1. Introduction
Oral diseases are a major global public health problem with a high prevalence and significant negative impacts on individuals, communities, and society. These diseases disproportionately affect the poorest and most marginalized groups in society and are closely linked to socioeconomic status and social determinants of health [
1].
Sex work is associated with a negative social stigma which affects all aspects of sex workers’ lives, including healthcare and the attitudes of service providers and police towards them [
2]. The wellbeing of sex workers is intricately linked to their social standing and the pervasive marginalization and stigmatization they face in society. This group is often subjected to criminalization, leading to unfair characterizations that paint them as deviant, disordered, or ‘vulnerable’. Such stereotypes oversimplify and distort the complex realities of sex workers’ lives [
3]. These societal labels not only impact their personal dignity but also affect how they are treated within various social and legal frameworks.

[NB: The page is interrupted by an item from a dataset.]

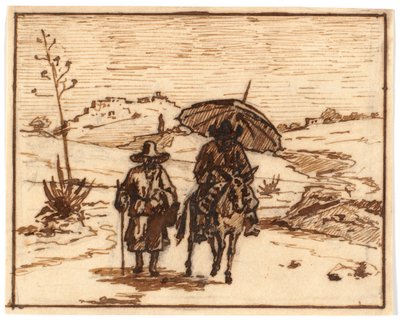 Paisaje italiano con jinete de burro y un caminante de Martinus Rørbye
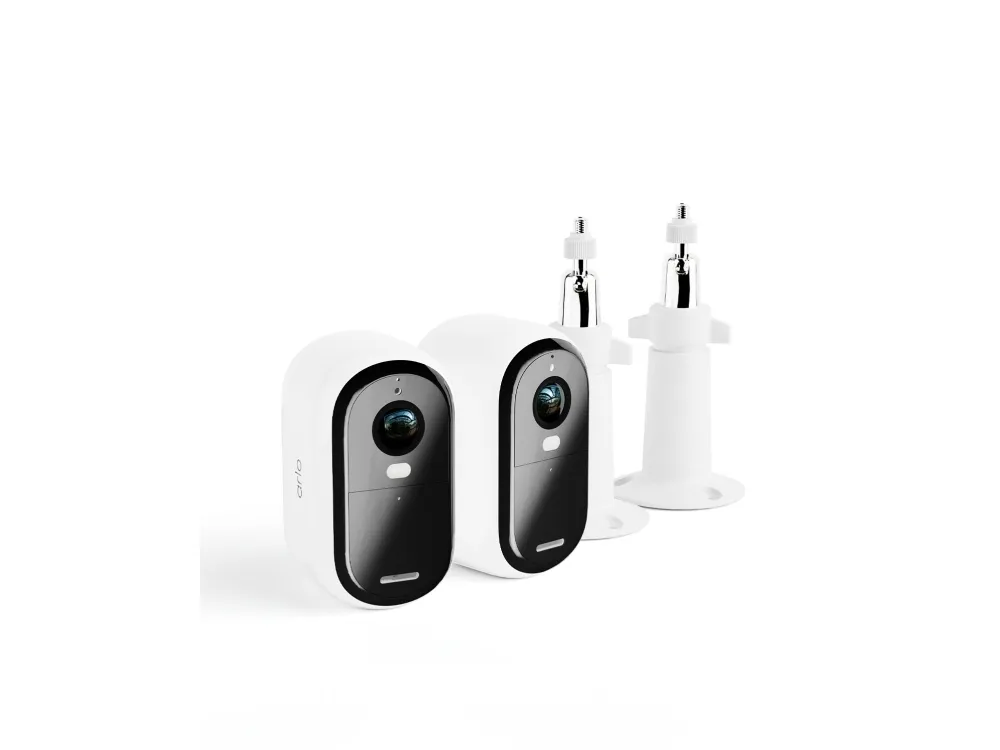 Arlo Essential Outdoor - Netværksovervågningskamera - udendørs - vejrfast - farve (Dag/nat) - 4 MP - 2560 x 1440 - audio - trådløs - WiFi (pakke med 2)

Sex workers frequently endure significant mental health challenges, which are compounded by the trauma and stress associated with their working environments. These psychological burdens are often exacerbated by the precarious nature of their work, which may involve exposure to violence, societal exclusion, and constant scrutiny. The mental strain associated with managing these challenges can have profound and lasting effects on their overall health and wellbeing.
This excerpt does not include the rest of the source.